#### TRY IT:
Write out exactly the lines from the one containing "Penco : Carry Tite Tarp 2-Way Wallet : Black" to the end of the material, both ends included, and nothing else. Leave pictures out.

#### INFORMATION PROVIDED:
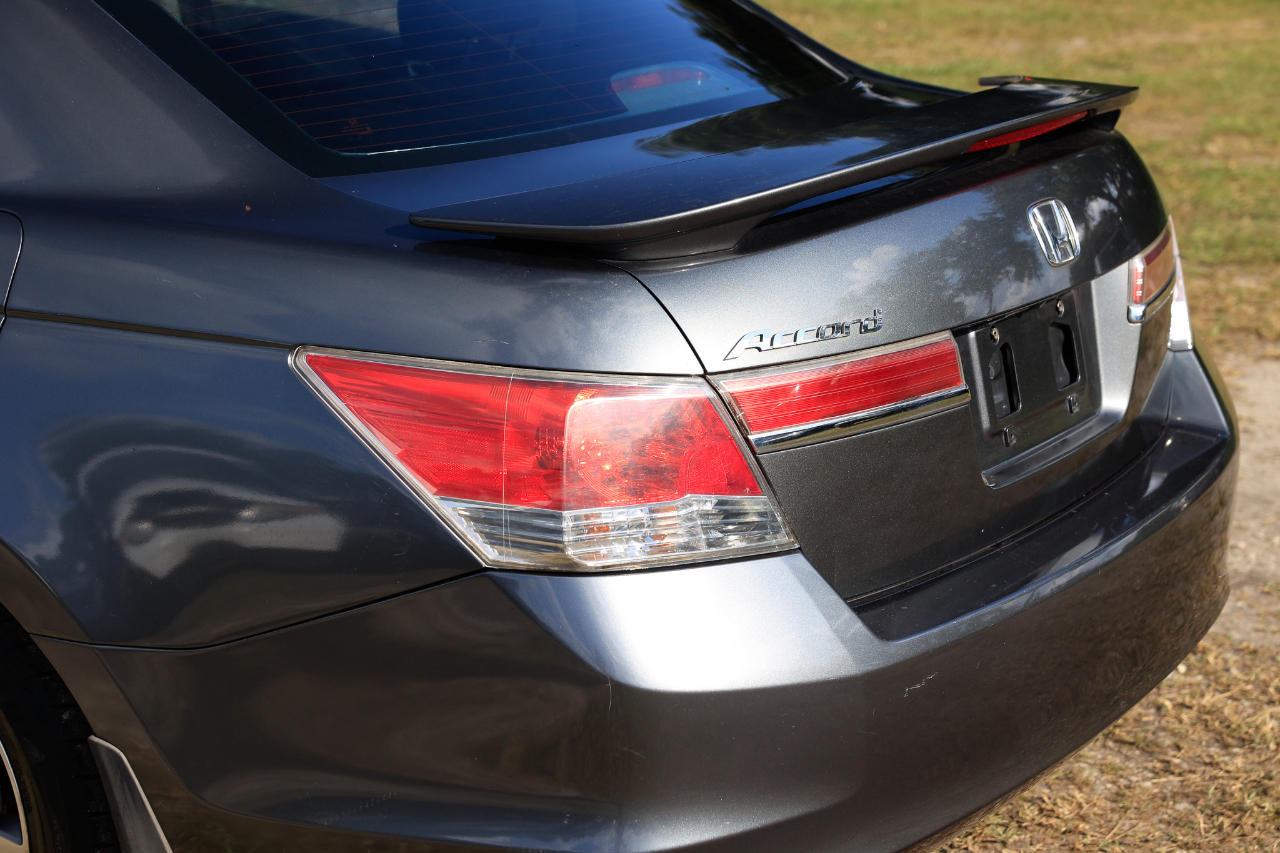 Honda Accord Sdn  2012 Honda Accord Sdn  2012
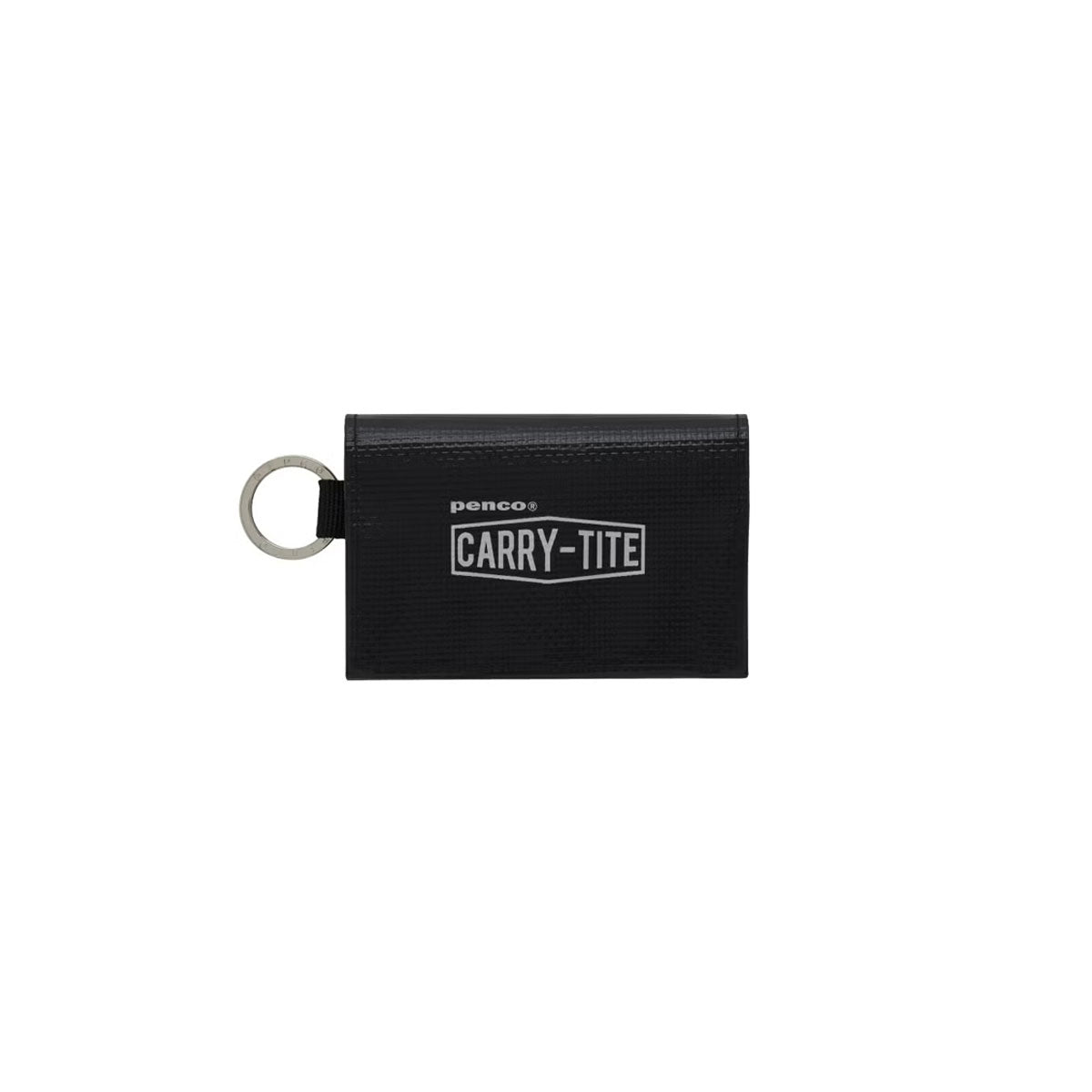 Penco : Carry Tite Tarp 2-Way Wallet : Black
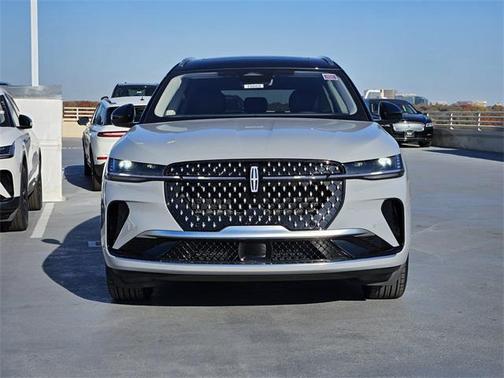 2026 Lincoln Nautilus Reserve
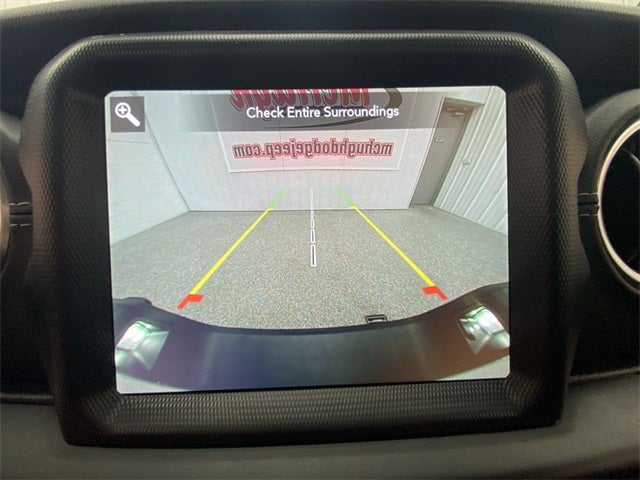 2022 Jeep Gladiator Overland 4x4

#### EXERCISE ANSWER:
 Penco : Carry Tite Tarp 2-Way Wallet : Black
 2026 Lincoln Nautilus Reserve
 2022 Jeep Gladiator Overland 4x4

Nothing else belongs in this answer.